ABD ekonomisi rotasını arıyor

Yeni Şafak
04:007/11/2016, Pazartesi
G: 7/11/2016, Pazartesi
Yeni Şafak

ABD’de yarın yapılacak başkanlık seçimlerini kimin kazanacağı ülke ekonomisinin geleceği açısındanda büyük önem taşıyor. Demokrat Clinton’ın galibiyeti mevcut ekonomi politikalarının devam etmesine, Trump’ın zaferi ise ticaret anlaşmalarından Fed’e kadar birçok alanda radikal değişiklikler yaşanmasına yol açacak.

ABD'de yarın yapılacak başkanlık seçimlerinden kimin zaferle çıkacağı dünyanın en büyük ekonomisinin geleceğini de belirleyecek. Cumhuriyetçi Donald Trump'ın başkan seçilmesi ekonomide radikal değişimler yaşanmasına, Demokrat Hillary Clinton'ın galip gelmesi ise statükonun devam etmesine yol açacak. Skandallarla geçen kampanya sürecinde çok farkedilmese de başkanlık için yarışan Clinton ve Trump'ın seçim vaatleri birbirinden keskin çizgilerle ayrılıyor. Bu durum ekonomi politikaları içinde geçerli. Eski Dışişleri Bakanı Clinton, Obama yönetiminin orta sınıf odaklı politikalarını sürdürmeyi önerirken, emlak milyarderi Trump, “Amerikayı yeniden muazzam yapmak" için ekonomide köklü değişiklere gidilmesini savunuyor. İki adayın ekonomi politikalarındaki büyük farklılıklar, seçim sonuçlarının hem ABD hem de dünya ekonomisi açısından kritik rol oynacağına işaret ediyor.

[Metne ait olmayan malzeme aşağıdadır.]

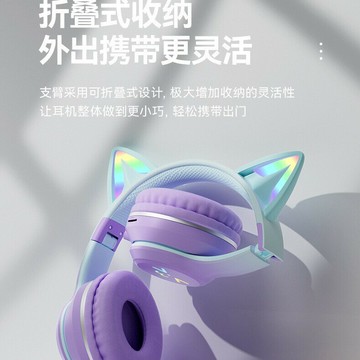 跨境爆款頭戴藍牙耳機BT612貓耳發光漸變色電競主播音樂無線耳麥【北歐家居生活】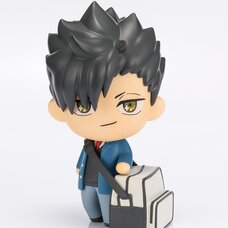 Rowtashii Noise tekupiku Haikyu!! Tetsuro Kuroo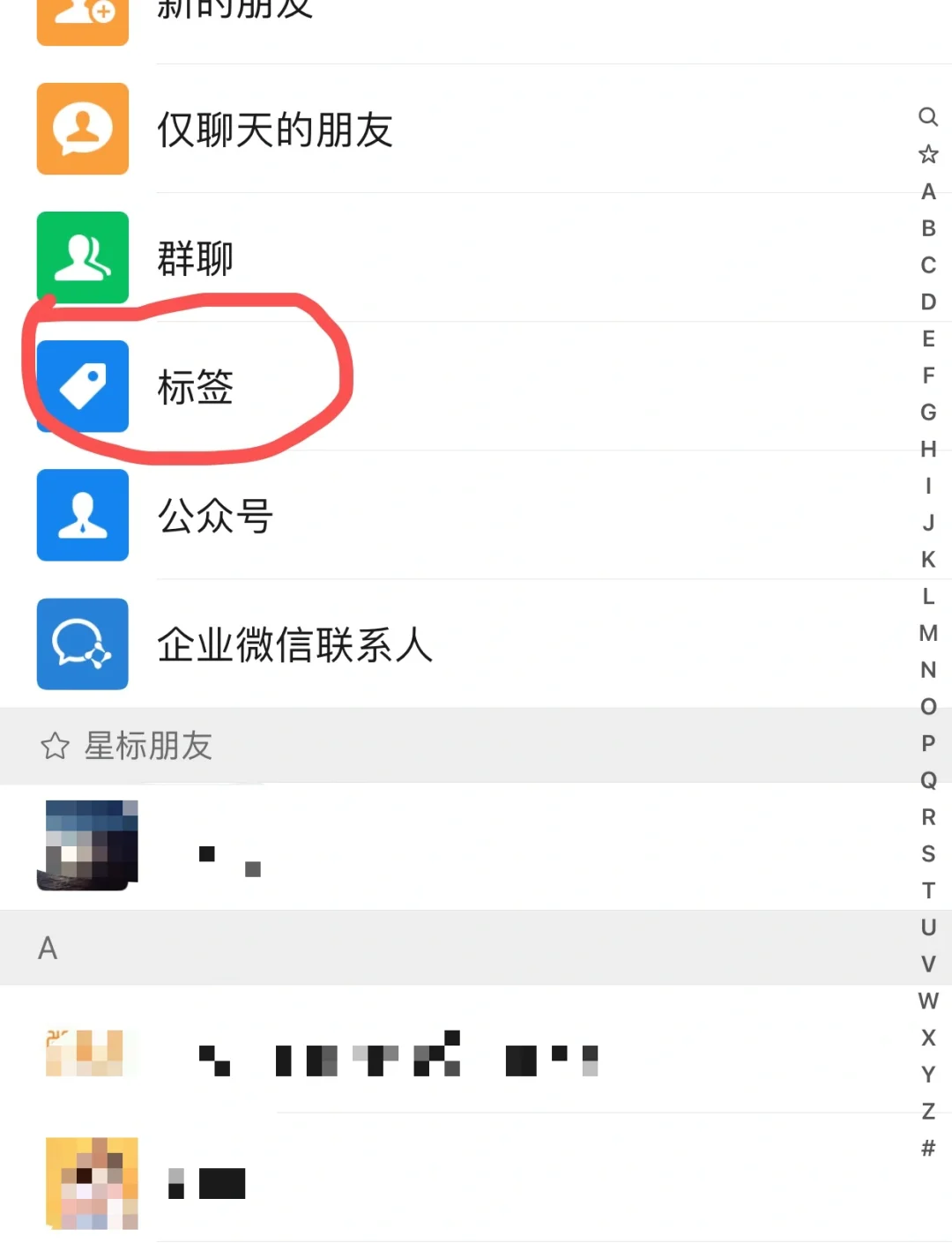 qq怎么快速删除好友和群如何快速删除QQ好友-第2张图片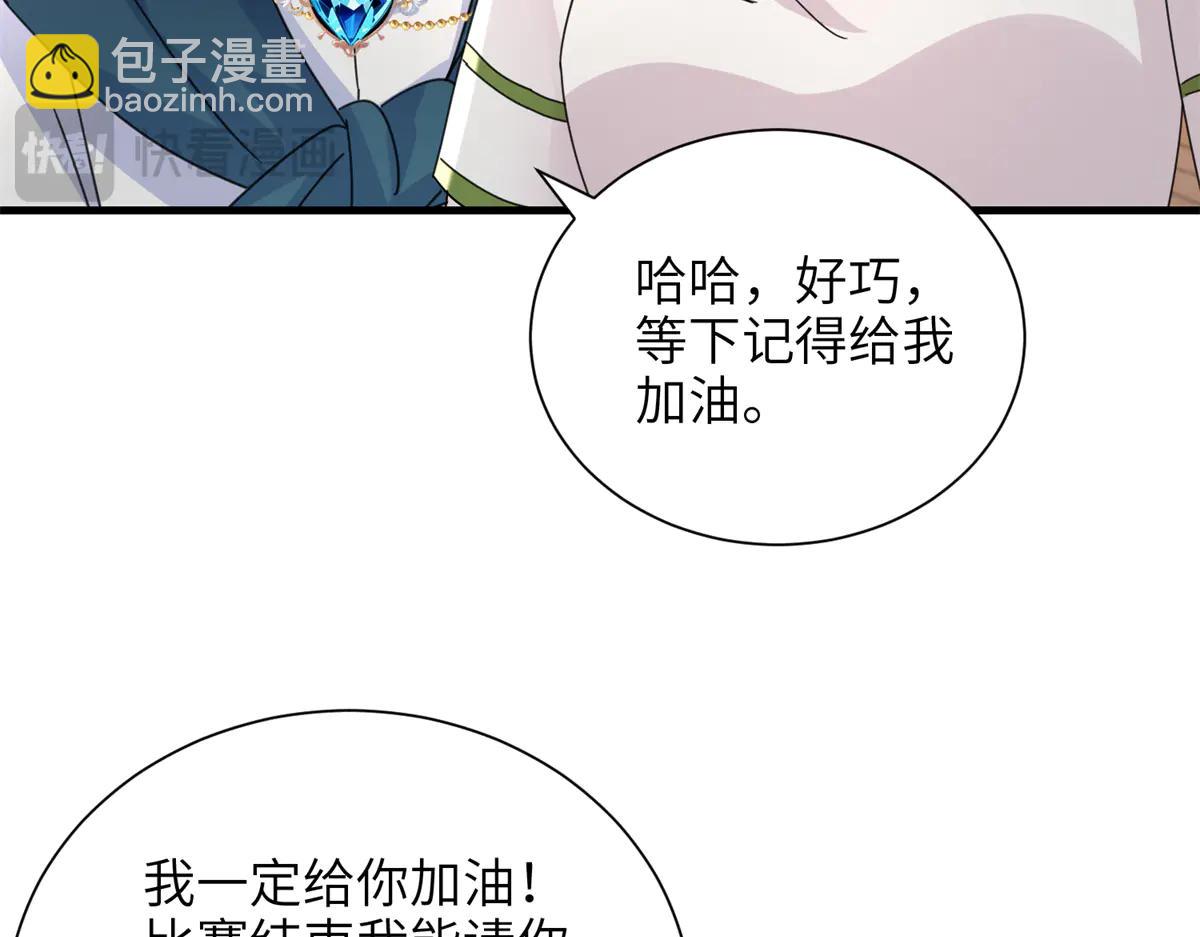 248 亿点点身手(1/3)-第248话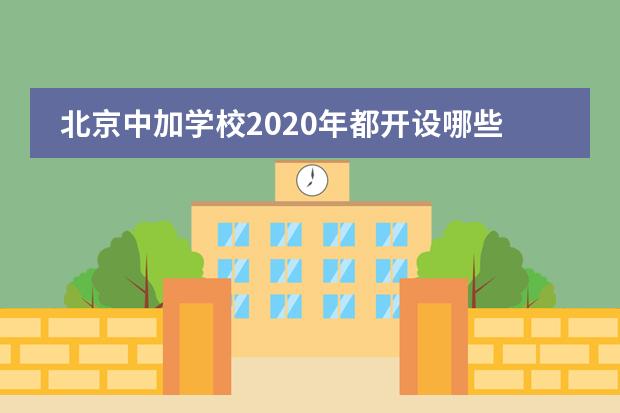 北京中加学校2020年都开设哪些班型？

CLINTON ZENGİNLERİ HEDEFİNE ALDI


Clinton ve Trump'ın ABD ekonomisini özellikle uzun vadede derinden etkileyecek politikalarının başında vergi reformları geliyor. Hemen her başkanlık seçiminde olduğu gibi ABD'nin çarpık vergi sistemini basitleştirmeyi ve adilleştirmeyi taahhüt eden iki adayın bunun için öngördükleri reformlar ise oldukça farklı. Clinton, adil bir vergi sistemi için zenginlerin daha fazla vergi ödemesi gerektiğini belirterek, yılda 5 milyon dolar ve üstünde gelir elde eden zenginlere yönelik vergi oranının yüzde 39,6'dan yüzde 43,6'ya yükseltilmesini öneriyor. Clinton'ın bu önerisi, şu an yüzde 10'dan başlayarak yüzde 15, yüzde 25, yüzde 28, yüzde 33, yüzde 35 ve yüzde 39,6'a kadar yükselen vergi oranlarına tabi tutulan yedi gelir dilimine bir yenisinin eklenmesi anlamına geliyor. Eski First Lady, yılda 1 milyon dolar ve üzerinde kazancı olanların en az yüzde 30 gelir vergisine tabi tutulmasını da istiyor.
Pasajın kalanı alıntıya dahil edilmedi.